For call logs flow_log.l7_flow_log:

  • l7-protocol-enabled: Select which application protocols to parse. By default, all are enabled. Remove protocols like Kafka or Redis if not needed.
  • l7-protocol-ports: Set the port list for parsing specific protocols. For example, DNS defaults to ports 53 and 5353, TLS to 443, others to all ports. Restricting ports for ambiguous protocols like Redis can prevent misparsing and dirty data.

For metrics data flow_metrics:

  • l4_performance_enabled: Disables calculation/storage of advanced network performance metrics (latency, performance, exceptions) in network_* tables. See documentation for details.
  • l7_metrics_enabled: Disables calculation/storage of application performance metrics in application_* tables.

For performance events event.perf_event:

  • io-event-collect-mode: Adjusts the scope of file read/write event collection. 0 disables, 1 collects only within a Request lifecycle, 2 collects all. Default is 1.
  • io-event-minimal-duration: Sets a duration threshold for recording events. Default is 1ms. Increasing reduces event count.

For continuous profiling profile:

  • on-cpu-profile.disabled: Completely disables continuous profiling.

Additionally, you can reduce data at the source:

  • tap_interface_regex: Controls which NICs to capture traffic from.

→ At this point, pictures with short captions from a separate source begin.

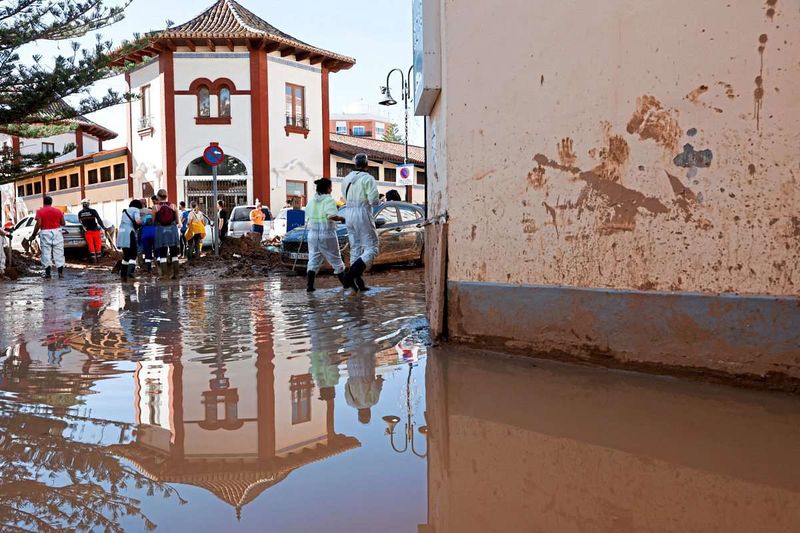 Flut an Fakes nach Überschwemmungen in Valencia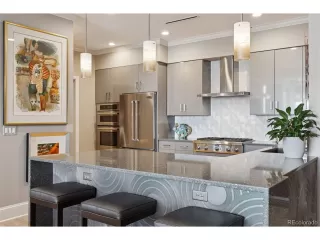 Photo #3: 9491061 Listing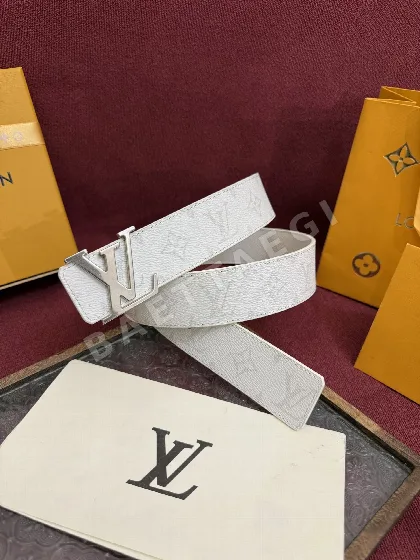 루이비통 무지 패턴 가죽 벨트 57640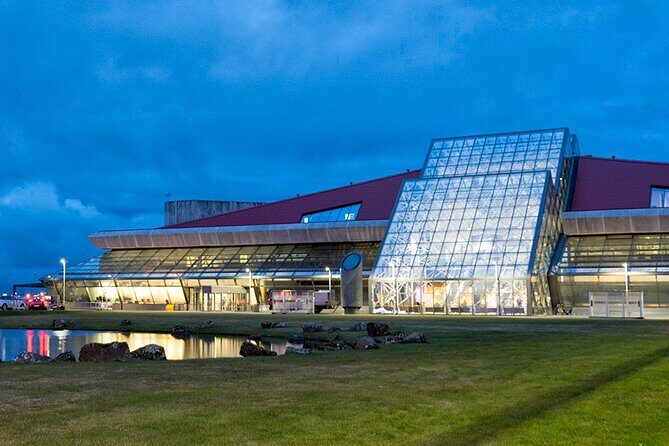 Private Transfer Reykjavik to Keflavik Airport - What happens during the drive: WiFi, water, and a driver who helps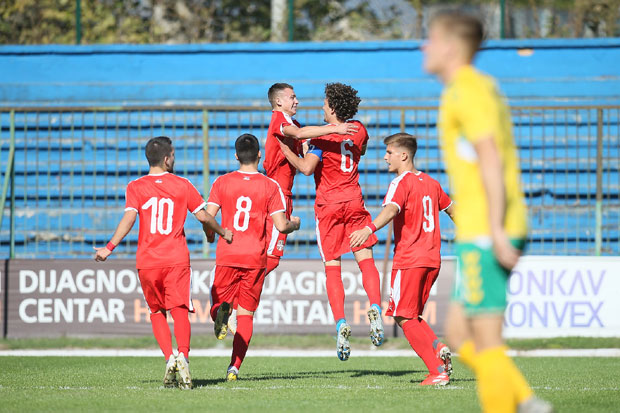 ОМЛАДИНЦИ УБЕДЉИВИ: Србија осам пута погодила мрежу Литваније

Adjust to exclude certain virtual or physical NICs.
  • capture_bpf: Uses BPF expressions to filter captured traffic. For example, set to not port 9999 to exclude monitoring traffic on port 9999.
  • kprobe_blacklist: Sets a port blacklist for eBPF kprobe to filter (drop) socket data, reducing call log volume.

#6. Red: Setting Overload Protection Thresholds

Finally, the red configuration items. We want to avoid agents outputting excessive flow or call logs in extreme cases to prevent high bandwidth usage, and avoid excessive write loads on a single server to prevent ClickHouse overload. The following settings are available:

  • l4_log_collect_nps_threshold: Controls the maximum rate at which an agent sends flow logs. When exceeded, the agent drops logs. Monitor drop-in-throttle in deepflow_system.deepflow_agent_flow_aggr to track drops.
  • l7_log_collect_nps_threshold: Controls the maximum rate at which an agent sends call logs. When exceeded, the agent drops logs. Monitor throttle-drop in deepflow_system.deepflow_agent_l7_session_aggr to track drops.
  • l4-throttle: Controls the maximum write rate of flow logs per server replica. 0 uses the throttle value. When exceeded, the server drops logs. Monitor drop_count in deepflow_system.deepflow_server_ingester_decoder (filter msg_type: l4_log) to track drops.
  • l7-throttle: Controls the maximum write rate of call logs per server replica. 0 uses the throttle value. When exceeded, the server drops logs. Monitor drop_count in deepflow_system.deepflow_server_ingester_decoder (filter msg_type: l7_log) to track drops.